As the 1% seem determined to keep a stranglehold on our money and our lives, the 99% are pushing back.  Jane Caro, Australian writer and former advertising creative said recently, what we are seeing is “a struggle between authoritarianism and small “l” liberalism”.  I find it very interesting that both Caro and the guy who started the Occupy movement, Kalle Lasn of AdBusters, were formerly in the ad business.  But this makes perfect sense because they recognize the campaign against us.  The ad business is all about persuasion and emotion and the authoritarians have the money to conduct a massive ad campaign to make us eat a high control culture.  They’ve been at it for decades now and they are pretty close to achieving their goal.  This may be the pivotal year where we either band together and push back hard to reassert the principles of the Enlightenment or we submit to authority once and for all and the opportunity never comes up again.
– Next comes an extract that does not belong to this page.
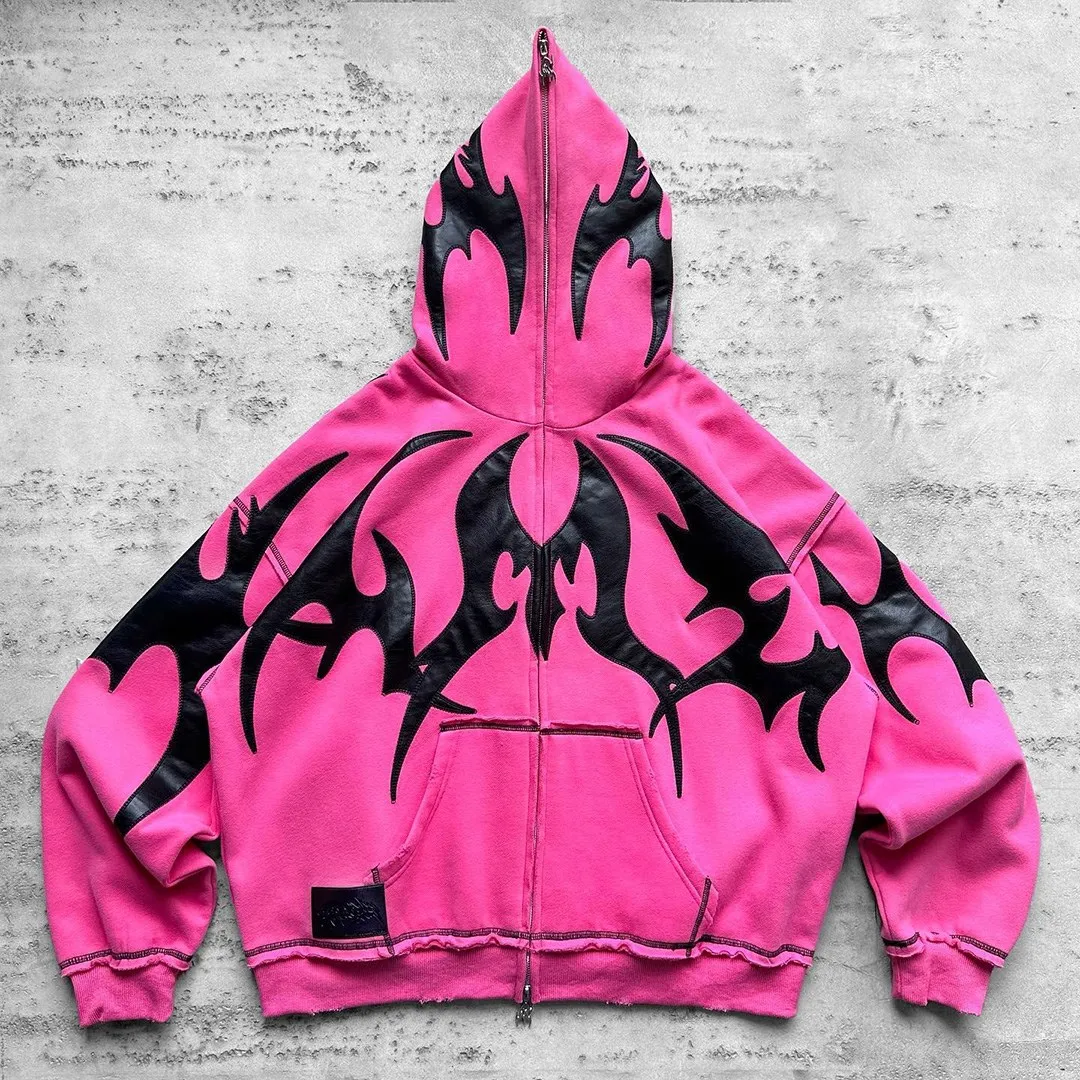 Y2K autumn and winter unisex printed hoodie hip-hop casual street dark punk zipper sweatshirt jacket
Maybe the Mayans were right.  But if they are, let’s not go down quietly.

Are you with me?  All right, Let’s fight.

Imagine if the US Media had covered the Occupy Movement like this…

It looks like Hillary has been provoking the Russians again.  They’ve taken to the streets in protests of the recent fraudulent elections that put Vladimir Putin’s United Russia ahead going into the general election in March.

MOSCOW — Tens of thousands of protesters gathered here on Saturday afternoon for a second large antigovernment demonstration, as a wave of new activists struggle to convert an inchoate burst of energy into a durable political force.

Demonstrators massed in Moscow on Saturday, sustaining their protests of Russia’s legislative election results.

Organizers hope to build on the success of the Dec. 10 protests, which mobilized a broad collection of previously apolitical middle-class Russians angry over parliamentary elections earlier this month that many rejected as fraudulent and slanted in favor of the ruling party, United Russia. If the movement can sustain its intensity, it could alter the course of presidential elections in March, when Vladimir V. Putin plans to extend his status as the country’s dominant figure to 18 years.

The crowd began forming more than an hour before the beginning of the protest, for which city authorities granted a permit for up to 50,000 people. Organizers estimated the crowd at 120,000; the police offered a lower estimate of about 29,000.

The NYTimes is supportive of these protestors, who are portrayed as generally apolitical middle class Russians, compared to the dirty hippy types in Zuccotti park and they’re union sympathizers.  (Oh, they’re only *union* people.  Well, let’s just undercount them then.)

But here’s a curious thing, some of these protestors previously engaged in electoral fraud. Imagine if the Obot contingent had grown consciences over the disaster they helped create when they f%^&ed with the caucus system in Iowa, Texas, Nevada and other states.

Pavel Morozov, 23, said he had come as an act of penitence: two years ago, he had stuffed a ballot box to bolster the results of United Russia, while working at a polling station. Mr. Morozov said that he realized his quality of life would suffer if Mr. Putin was dislodged, but that he was prepared for that.

“I can say for sure life will be worse for those of us who are now well off, but we need some kind of change, because what we have now is stagnation,” he said. “Anyone now but Putin. It will at least be different and for the youth, this is better than stagnation.”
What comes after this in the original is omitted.